There are products that you can buy that will restore the date of the buffalo nickles. But it wont change the price of the coins. By using one of these products you are damaging the coin. But it's fun to see what the date of the coin was and some collectors make sets of dateless buffalo's with the date restored. Lou
Not sure but I think it's called nickadate or nick-a-date or something like that. However, you would be spening money on something that is of no value and would make the coins of even less value than with no date. The stuff leaves a staining effect where the date used to be. My suggestion is to give them to some kids to start a coin collection. Or use in a coffee machine. Or put them up on ebay as a POSSIBLE VALUABLE COIN. Or send to me and I'll use as targets at a gun range.
Here's one http://www.usstatequarters.com/productcart/pc/viewPrd.asp?idproduct=3111&IDCategory=123 It's just acid; sulphuric acid (battery acid), nitric acid or hydrochloric acid will do just fine. Also, some art stores sell hydroflouric acid as glass etching fluid. As for what to do with them, give them out as favors to kids, they'll love them and you might get some started as collectors.
I disagree. I've seen key-date, acid-dated buffaloes sell for significant premiums over dateless coins. I nic-a-dated some Liberty nickels a while back and found an 1886. I certainly won't be selling that for five cents.

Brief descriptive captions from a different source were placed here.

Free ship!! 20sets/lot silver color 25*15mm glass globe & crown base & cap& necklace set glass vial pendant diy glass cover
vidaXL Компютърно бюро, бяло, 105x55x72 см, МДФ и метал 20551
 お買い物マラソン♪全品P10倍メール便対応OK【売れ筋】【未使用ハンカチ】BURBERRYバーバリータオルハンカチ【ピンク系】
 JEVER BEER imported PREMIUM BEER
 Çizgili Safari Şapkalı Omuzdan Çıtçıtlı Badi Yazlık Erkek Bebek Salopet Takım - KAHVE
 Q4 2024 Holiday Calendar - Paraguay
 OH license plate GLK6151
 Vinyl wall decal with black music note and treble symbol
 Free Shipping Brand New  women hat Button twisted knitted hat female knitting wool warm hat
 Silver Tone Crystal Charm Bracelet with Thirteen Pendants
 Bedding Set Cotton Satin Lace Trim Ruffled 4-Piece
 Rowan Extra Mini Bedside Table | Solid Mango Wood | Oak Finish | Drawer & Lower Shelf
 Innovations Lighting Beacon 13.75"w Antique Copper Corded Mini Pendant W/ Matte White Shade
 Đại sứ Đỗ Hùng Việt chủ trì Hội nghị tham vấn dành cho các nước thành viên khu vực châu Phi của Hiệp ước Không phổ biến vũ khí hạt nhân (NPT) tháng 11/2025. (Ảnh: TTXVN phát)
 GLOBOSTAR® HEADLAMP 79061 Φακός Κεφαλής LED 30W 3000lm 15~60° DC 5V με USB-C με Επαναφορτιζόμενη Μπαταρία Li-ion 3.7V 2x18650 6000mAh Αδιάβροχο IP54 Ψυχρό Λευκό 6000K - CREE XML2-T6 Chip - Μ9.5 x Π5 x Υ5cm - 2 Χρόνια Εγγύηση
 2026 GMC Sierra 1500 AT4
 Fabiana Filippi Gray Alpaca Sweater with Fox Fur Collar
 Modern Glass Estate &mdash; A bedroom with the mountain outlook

I am pretty sure nic-a-date is not acid (ferric chloride?), but I cannot seem to find it now. I will repeat what I said earlier "IF YOU DO NOT KNOW WHAT YOU ARE DOING WITH STRONG ACIDS- DO NOT USE IT". Sulfuric, hydrochloric, and nitric acids can cause severe injuries and death. Hydrofluoric acid is way worse than the others. There are so many other acids that will work better and are relatively safe to use. There are several threads here about using vinegar. Users seemed quite happy with the results. Some drain cleaners use phosphoric acid which should be faster (even when diluted) than vinegar and much safer then the stronger acids.
Nic-a-date is ferric chloride. It is acidic and corrosive. It should be handled very carefully, with proper precautions. Here is a link to the MSDS: http://www.jtbaker.com/msds/englishhtml/f1060.htm
There should be a MSDS for nic-a-date. I was very surprised that I could not find one. Your MSDS is for solid ferric chloride so not all of it is applicable to nic-a-date, but I am not disagreeing with your basic statement. However, my point was that it is safer than the acids mentioned and I absolutely believe that to be the case.
It is absolutely safer than the other acids. People, including amateurs, use it all the time, and I've never heard of a major incident. If you follow the rules, it's perfectly safe: Just use one drop, rinse off as soon as you can see the date, and keep it out of your eyes, mouth, and other orifices.
\ Anything is possible but an 1886? If you really did then it would still be worth quite a lot but the amount of people finding coins like that are usually only stories. Burnt fingers, loss of clothing, loss of eyesight, friends and/or relatives injured from substances like that laying around is basically not worth the 1 in a billion coins that would be worth the time and effort. One splash from caustic solutions into the eyes would hardly ever pay for any coin found. We all hear about the few coins found this way that are valuable but not many report how they just spent money on nothing.
A nickel is made of copper and nickel. At the date and horn these areas are very small and narrow. When the Nic-A-Date is applied it actually dissolves some of the nickel metal resulting in the horn and date "reappearing". I don't own any of these, but on ebay there appears to be several people that are more "expert" at it than others. There are sellers that all they sell are these and probably make more profit than we think. Some of the key dates do sell for a significant premium price. Many people use these as "fillers" for coins they would otherwise not be able to afford.
I don't know what Nic-A-Date is made from but I do know that Ferric Chloride is a copper etchant. I've used it to make brass data plates for military trucks and antique radios. If it's a component of E-A-D then it attacks the copper component of the nickel.